OECD Findings on Employment Protection and Jobs Performance

Further to my earlier post on the OECD’s new data on employment performance across its 34 member countries (and Canada’s relatively poor ranking in that regard), another part of the OECD Employment Outlook 2013 that is also worth reading in detail is Chapter 2.  It provides a thorough revision and updating of the OECD’s quantitative index of EPL intensity.
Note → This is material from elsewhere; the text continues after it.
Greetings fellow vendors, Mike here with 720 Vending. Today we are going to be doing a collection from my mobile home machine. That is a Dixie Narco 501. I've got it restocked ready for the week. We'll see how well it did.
It contains a useful summary of the mainstream literature regarding EPL costs and benefits (which would have benefited, however, from inclusion of some critical, heterodox voices), as well as a detailed review of the revised methodology behind the OECD index.

The actual country scores for the index do not seem to be reported in the chapter, but they are available through the OECD’s key table database.
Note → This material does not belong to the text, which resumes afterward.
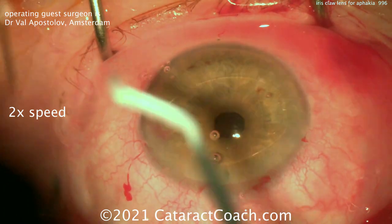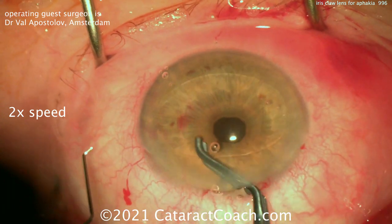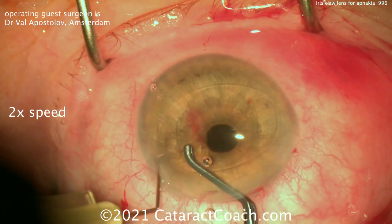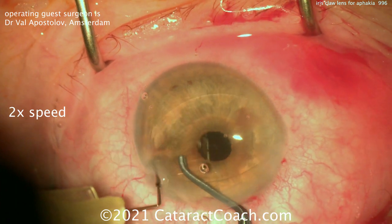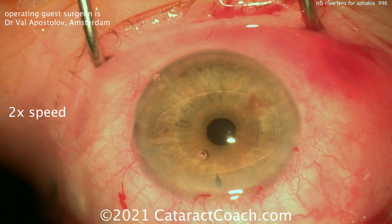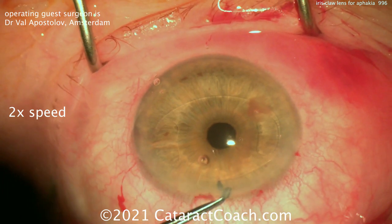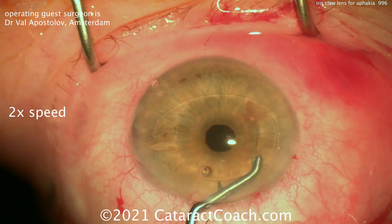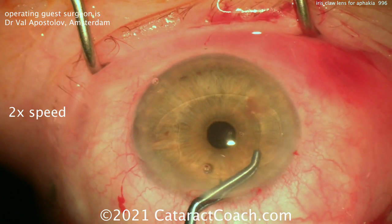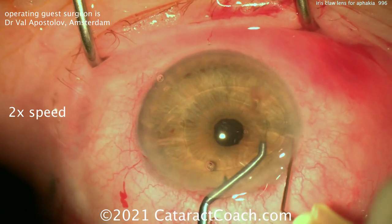There's the iris claw lens — that's the Artisan lens or the Vorst lens. It's placed into position, oriented horizontally at 3 and 9 o'clock. Then you can use the second hand — the left hand — to enclavate part of the iris into the claw. It's important to keep the lens centered right there over the pupil.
The key findings of Chapter 2 include:

  • EPL is generally stronger regarding mass layoffs than individual dismissals.
  • Cross-country variations are especially wide regarding regulations on temporary work and temporary agencies (Canada has almost no regulations in this area).
  • Countries in the common-law tradition (including Canada) generally have weaker EPL.
  • Countries with stricter rules regarding termination generally had stronger rules regarding other labour market regulations (duh!).
  • There is a clear trend toward weakening of EPL standards, with over one third of OECD countries cutting their standards since 2008. (There has been no change either way in Canada’s rules during this time.)

Canada ranks consistently at or near the bottom of the list on almost every one of the 21 criteria considered by the OECD in their index, including:

  • Notice & severance pay
  • Procedural inconvenience
  • Difficulty of dismissal (individual or collective)
  • Protection against dismissal (individual or collective)
  • Regulation of temporary contracts
  • Regulation of temporary agencies

On the actual scores, Canada ranks near the bottom of each of the 4 broad categories considered by the OECD. A simple average across those 4 categories gives Canada a score of 1.4 (out of 6), compared to an OECD average of 2.325. That puts us 32nd out of 34 (only New Zealand and the US have weaker EPLs).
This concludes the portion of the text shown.